VW einigt sich
VW kann den Golf wieder produzieren, der Streit mit dem Zulieferer ist beigelegt, die Kurzarbeit damit abgewendet. Die Affäre zeigt das Problem der Zulieferer – und die Abhängigkeit von VW.
Die Golf-Produktion kann wieder anlaufen: VW hat den Streit mit Lieferant Prevent beigelegt.
Gut 20 Stunden haben Vertreter von Volkswagen und Prevent verhandelt, gestern einigte sich Europas größter Autobauer mit der bosnisch-slowakischen ZulieferGruppe auf einen Kompromiss. Über den Inhalt der Einigung wurde Stillschweigen vereinbart.
Der Streit zwischen dem Wolfsburger Autokonzern und der Prevent-Gruppe, zu der die beiden in Sachsen ansässigen Lieferanten Car Trim (Autositzbezüger) und ES Automobilguss (Getriebegehäuse) gehören, schwelte seit Monaten und ist zuletzt eskaliert. Die Prevent-Gruppe verhängte gegen den mächtigen Konzern einen Lieferstopp, worauf die Produktion des VW Golfs in mehreren Werken heruntergefahren werden musste. 27.000 Mitarbeiter konnten nicht mehr so arbeiten wie geplant, die Golf-Produktion stand still. VW hatte Kurzarbeit für bis zu 30.000 Mitarbeiter vorbereitet.
Millionen-Forderung
Nach wie vor unklar ist die genaue Ursache des Konflikts. Das Handelsblatt berichtet, VW habe der Prevent-Gruppe einen Entwicklungsauftrag gekündigt und größere Entschädigungszahlungen verweigert.
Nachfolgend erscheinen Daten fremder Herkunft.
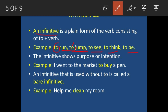The infinitive shows purpose or intention. Example: 'I went to the market to buy a pen.' Here 'to buy' is the infinitive — 'buy' is the verb and we have added 'to' before it. It shows the purpose: why did I go to the market? To buy a pen.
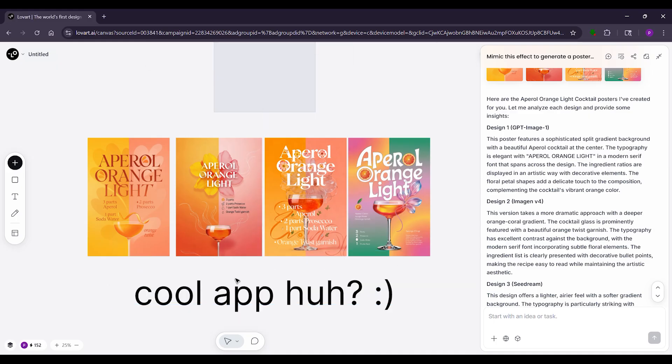Head to loveart.ai to try it. Like if this helps and comment your first idea. See you next time.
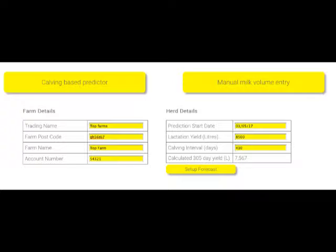Average calving interval for the herd can be any duration from 365 to 450 days, and increasing the calving interval spreads the lactation over a longer period. Typical UK calving interval is around 420 days.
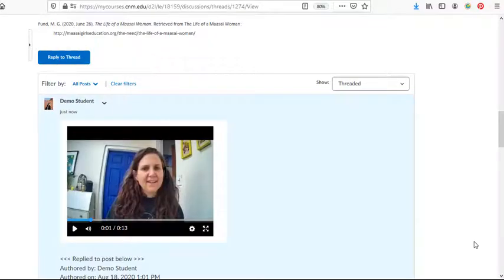Hi everyone. I'd like to show you this really interesting tool that Brightspace has. It's called Video Note.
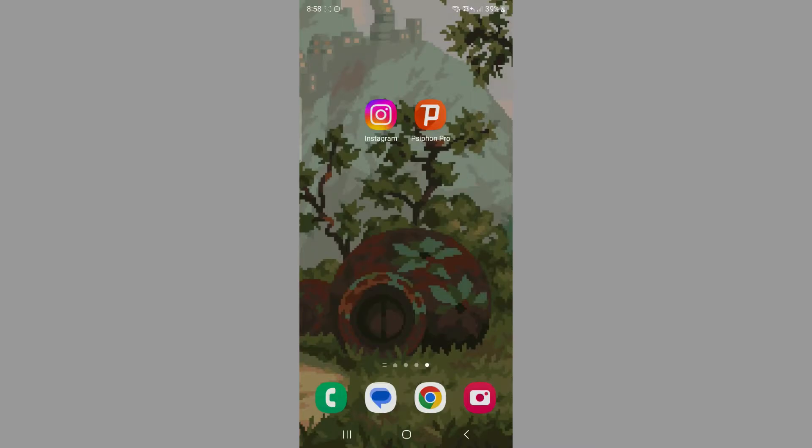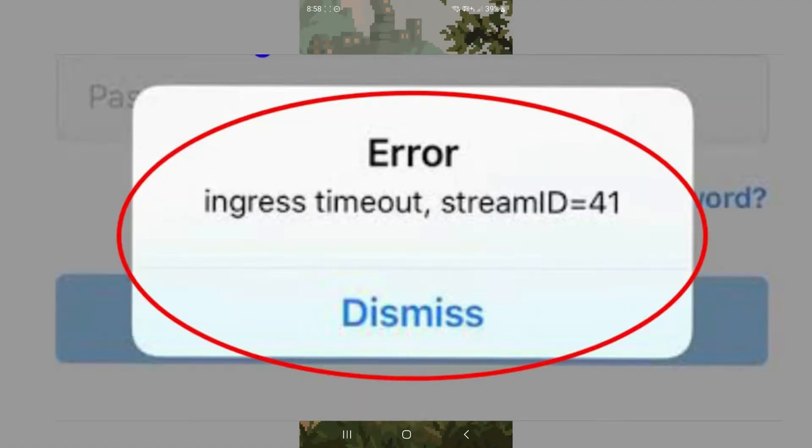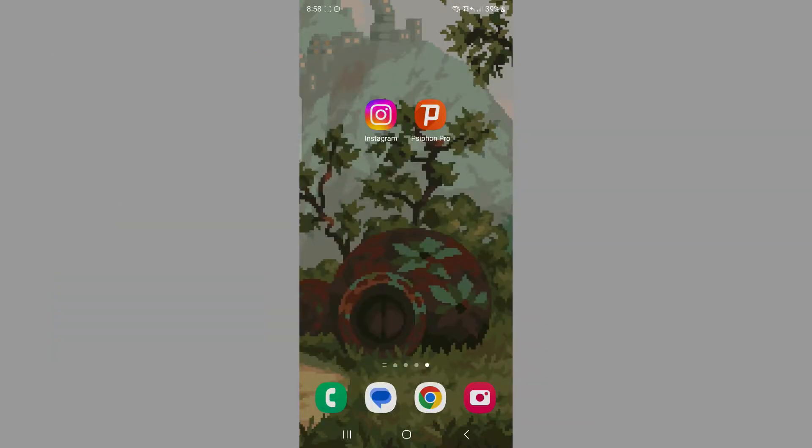Greetings everyone. In today's tutorial, I'm going to be showing you how you can fix the ingress error message on Instagram. Now there are two things you can actually try doing to help fix this issue.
Der Zulieferer verlangte von VW 58 Millionen Euro Schadenersatz, VW drohte seinerseits mit einer saftigen Schadenersatzforderung und verlangte vor Gericht die Herausgabe der Autoteile. Ende dieser Woche wollte VW die Ansprüche bei den Zulieferern notfalls per Gerichtsvollzieher durchsetzen und sich die fehlenden Teile selbst beschaffen.
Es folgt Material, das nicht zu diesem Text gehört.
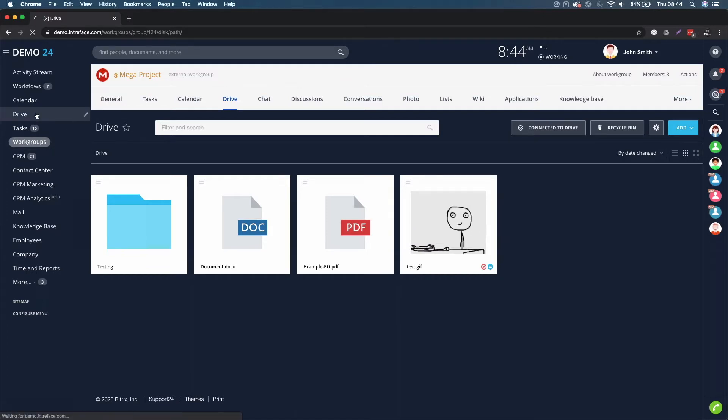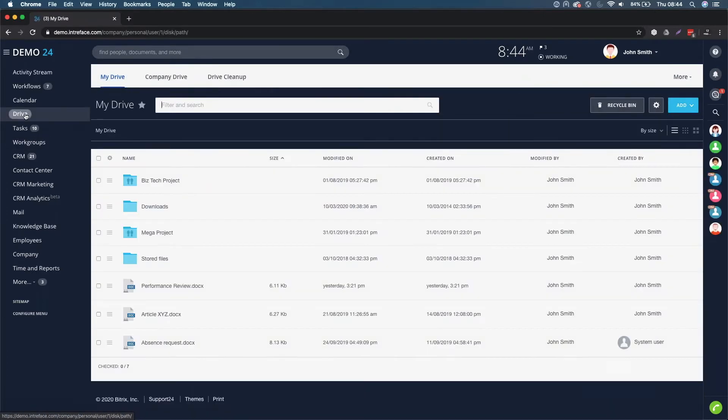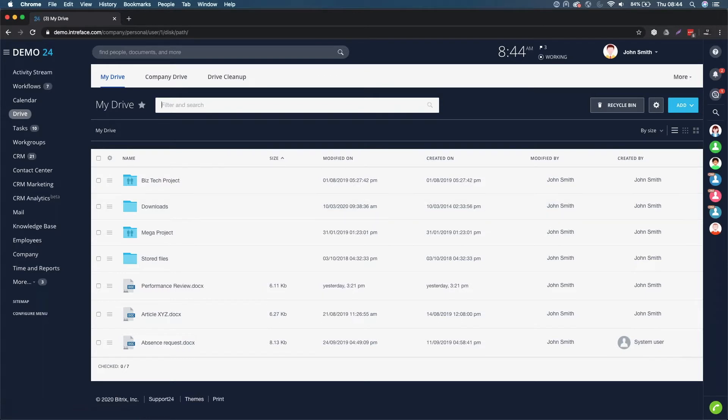Let's go back to the Drive element. This is the same on both the cloud version and the self hosted. Every user has their own My Drive, which is your own personal document storage area.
Wie das Handelsblatt nun aus Unternehmerkreisen erfuhr, hat VW die Schadenersatzforderung zurückgenommen, die Prevent- Gruppe habe daraufhin die Forderung von 58 Millionen Euro fallen gelassen. Immerhin soll es Prevent in den Verhandlungen geglückt sein, bessere Konditionen für künftige Geschäfte zu erzielen.
Der Aufstand eines im Branchenvergleich eher kleinen Zulieferers gegen einen der wichtigsten Einkäufer der Branche könnte ein Signal für andere Lieferanten sein, künftig härter zu verhandeln. Der Chef-Einkäufer von VW, Francisco Garcia Sanz, ist in der Branche für seine harte Verhandlungsführung gefürchtet. Weil gerade kleinere Zulieferer von den Aufträgen Großer wie VW abhängig sind, regt sich in der Regel kaum Widerstand, wenn VW die Kosten zu drücken versucht. Im Zuge der Dieselaffäre hat der Wolfsburger Autobauer laut Experten den Druck nochmals erhöht, um weiter Kosten zu senken.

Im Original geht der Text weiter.